## [WORK TASK]
Output each line of the data below exactly, omitting any image.

## [DATA EXTRACT]
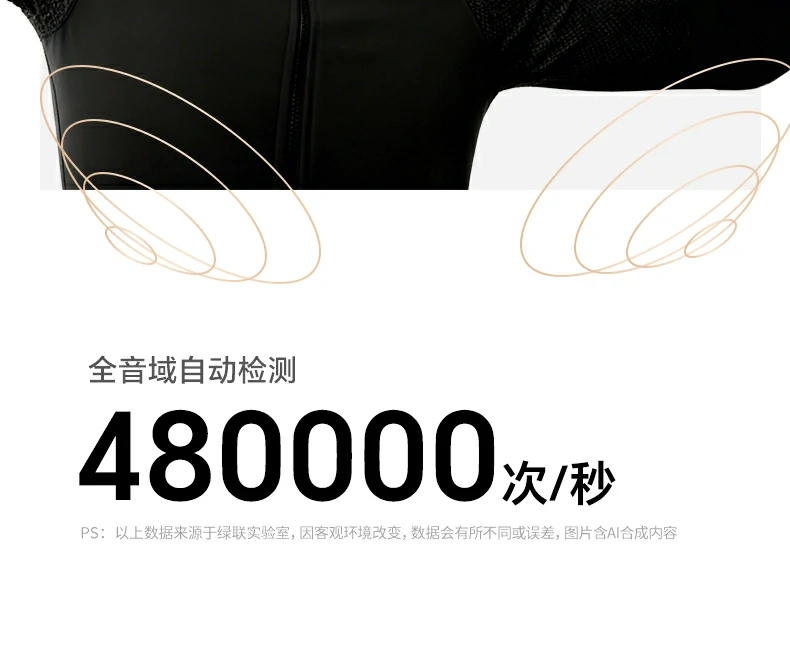 蓝牙6.0连接稳定性测试，10米无障碍传输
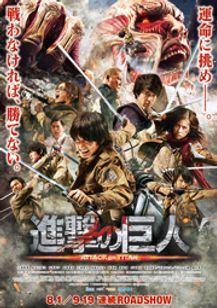 進撃の巨人 Attack On Titan エンド オブ ザ ワールド Movie Walker Press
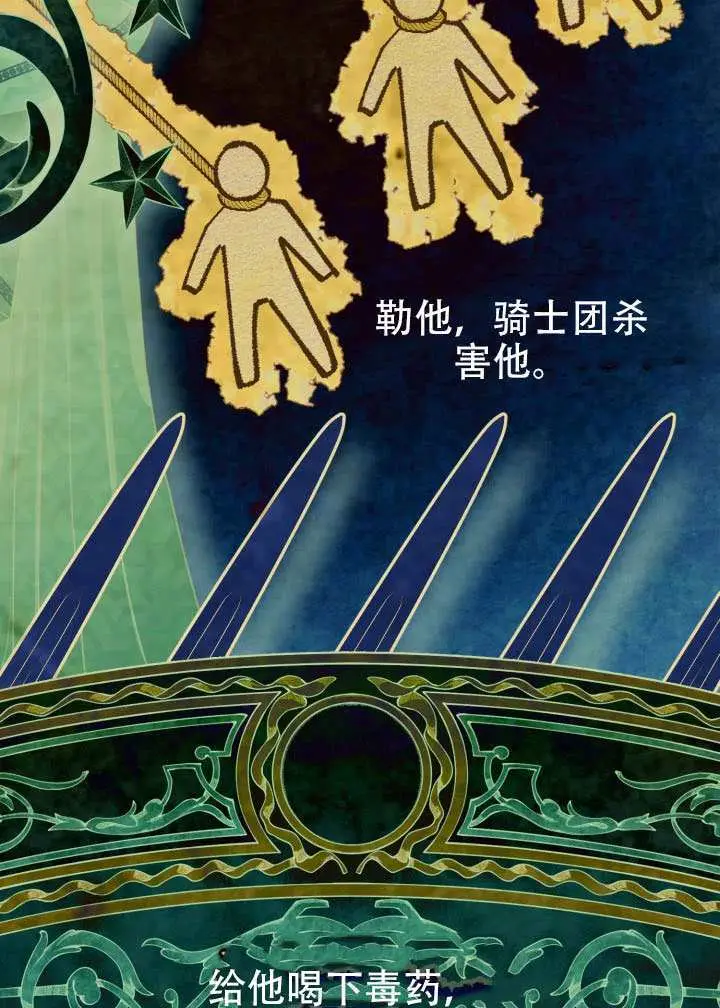 《穿越者的幸运礼》第116话图7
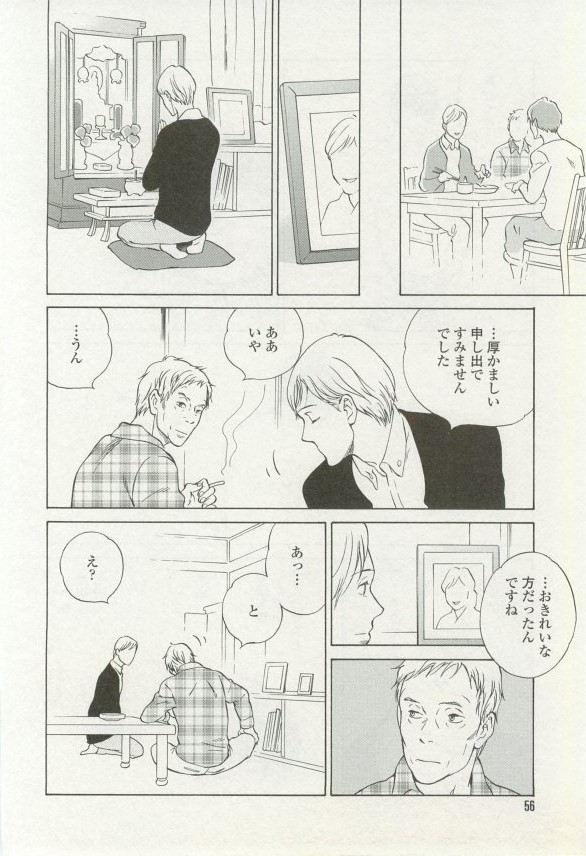 onBLUE Vol.16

## [RESPONSE]
 蓝牙6.0连接稳定性测试，10米无障碍传输
 進撃の巨人 Attack On Titan エンド オブ ザ ワールド Movie Walker Press
 《穿越者的幸运礼》第116话图7
 onBLUE Vol.16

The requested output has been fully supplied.